■ About this task ■
Give back the whole listing exactly as written, pictures excluded.

■ Data section ■

<<<<

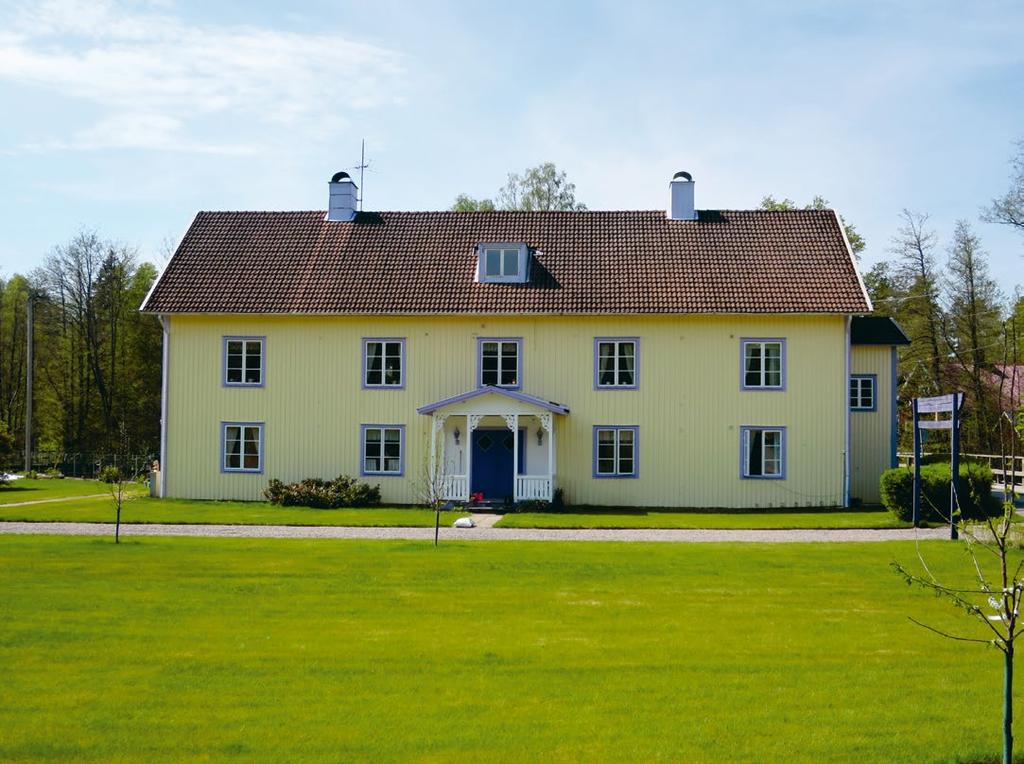 4. Stora kasernen Stora kasernen ska ha byggts 1910. Det ska då ha funnits ytterligare en lika stor kasern som låg mitt emot ingången till Stora kasernen, närmare järnvägen.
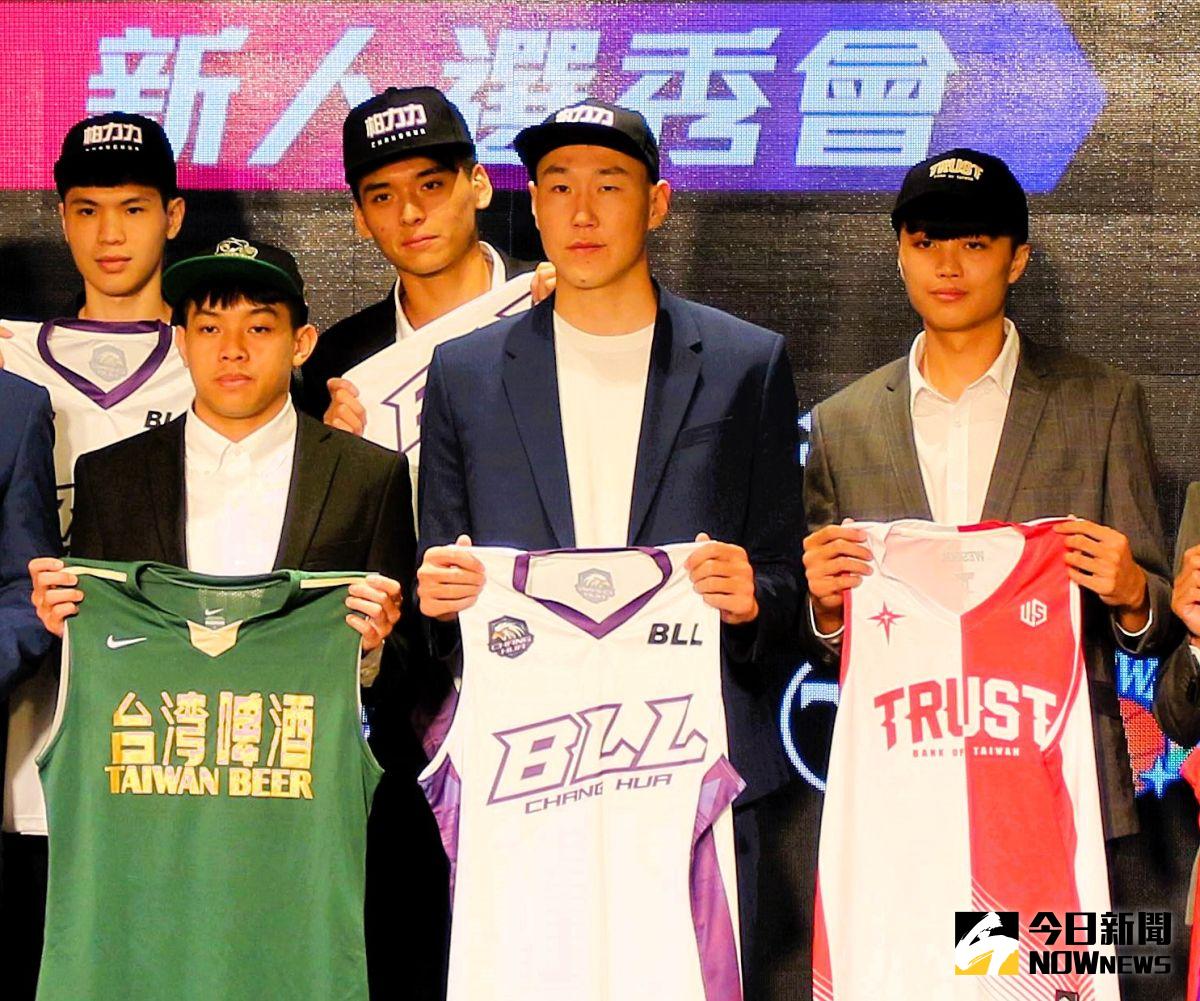 ▲SBL超級籃球聯賽選秀會落幕，蒙古外籍生蘇格爾（中）成狀元。圖／記者路皓惟攝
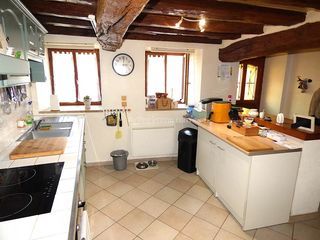  Maison � vendre 9 pi�ces 200 m�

>>>>

■ Written answer ■
 4. Stora kasernen Stora kasernen ska ha byggts 1910. Det ska då ha funnits ytterligare en lika stor kasern som låg mitt emot ingången till Stora kasernen, närmare järnvägen.
 ▲SBL超級籃球聯賽選秀會落幕，蒙古外籍生蘇格爾（中）成狀元。圖／記者路皓惟攝
  Maison � vendre 9 pi�ces 200 m�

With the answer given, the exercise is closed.